January 14, 2026
Brains vs Gains: place your bets
Training my smartwatch to track intelligence
REM sleep wins, gym days lose, and the crowd fights over sleep trackers
TLDR: A chess fan built a Garmin watch app that predicts his mental sharpness from sleep and exercise, finding REM sleep and moderate stress help while recent workouts hurt short-term thinking. Comments split between “sleep trackers feel fictional,” “don’t let stats jinx you,” and “watches are uncomfortable—give us rings.”
Welcome to the brain-versus-body cage match. One chess-obsessed Garmin user trained his watch to predict “smart day” odds from sleep and exercise, then checked it against daily wins on Lichess. The surprise: REM sleep and stress (Garmin’s “stress” tracks low HRV—heart rate variability) boosted thinking, while recent workouts tanked chess performance. Deep sleep didn’t move the needle. Translation: short-term mental sharpness isn’t always buddies with long-term fitness, and your Garmin may rate “relaxation” while your brain wants that alert buzz.
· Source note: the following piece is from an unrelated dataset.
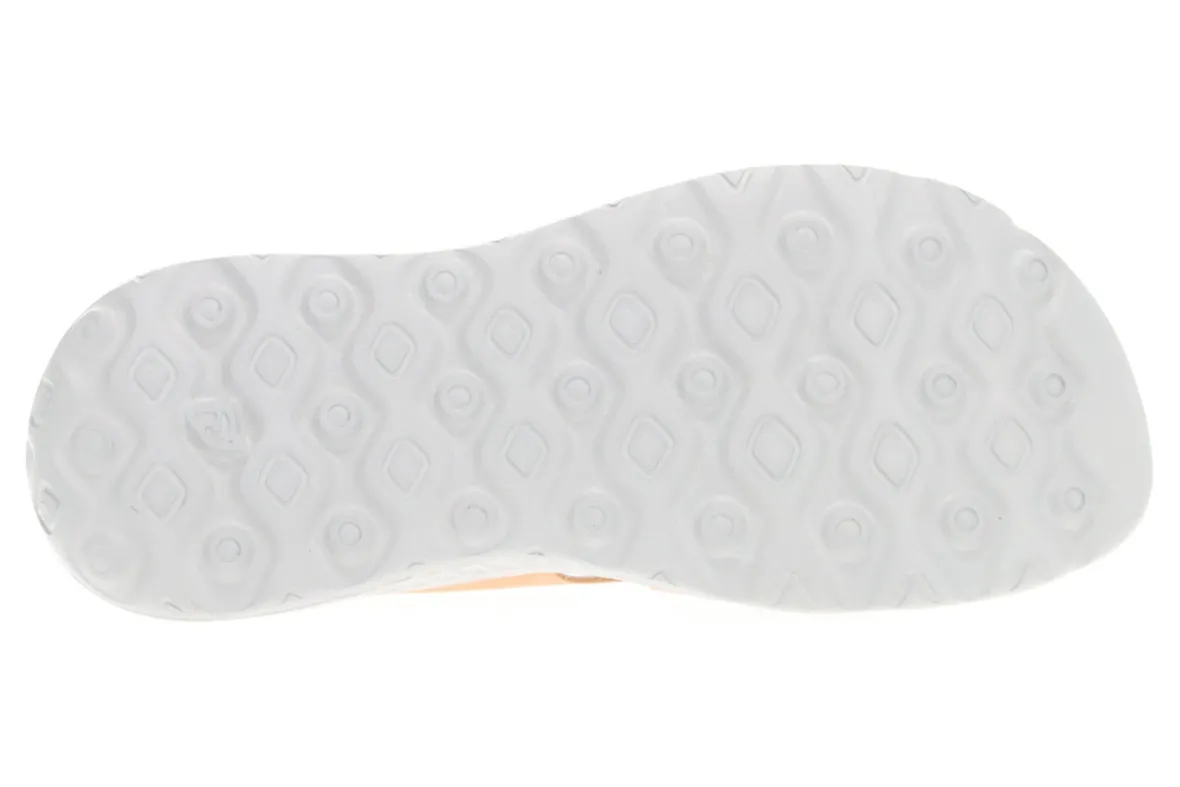 Travelactiv Sedona-Propet Best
The comments went full soap opera. Skeptics shouted that sleep scores “feel made up” and never match vibes. A cheerleader begged Garmin to make it official. A reality-checker warned the author’s morning stats might prime a loss—hello, self‑fulfilling prophecy. Then came the comfort wars: “How do people even sleep with a watch?” Team Ring chimed in, demanding a no‑subscription option. People joked about “algorithmic rebellion,” a “smart‑dumb dial,” and REM as “brain Wi‑Fi.” Hot take central: stress isn’t evil—it can be focus mode. Others asked if the model just predicts “don’t play chess after leg day.”
Verdict: an entertaining DIY brain meter, but the crowd is split between data believers, vibe loyalists, and wrist-haters. Plus, many want a Garmin ring.
Key Points
- •The author combined 1.5 years of Garmin physiological data with Lichess ELO changes to model daily cognitive performance.
- •Logistic regression predicted chess win/loss with ~60% accuracy, confirmed by cross-validation, outperforming a ~50% baseline.
- •REM sleep duration and Garmin stress metrics (inverse HRV) positively correlated with better chess outcomes.
- •Active calories and light sleep duration negatively correlated, while deep sleep and sedentary duration showed no effect.
- •A custom Garmin watch app was built to compute daily probability of ELO increase and update the model weekly.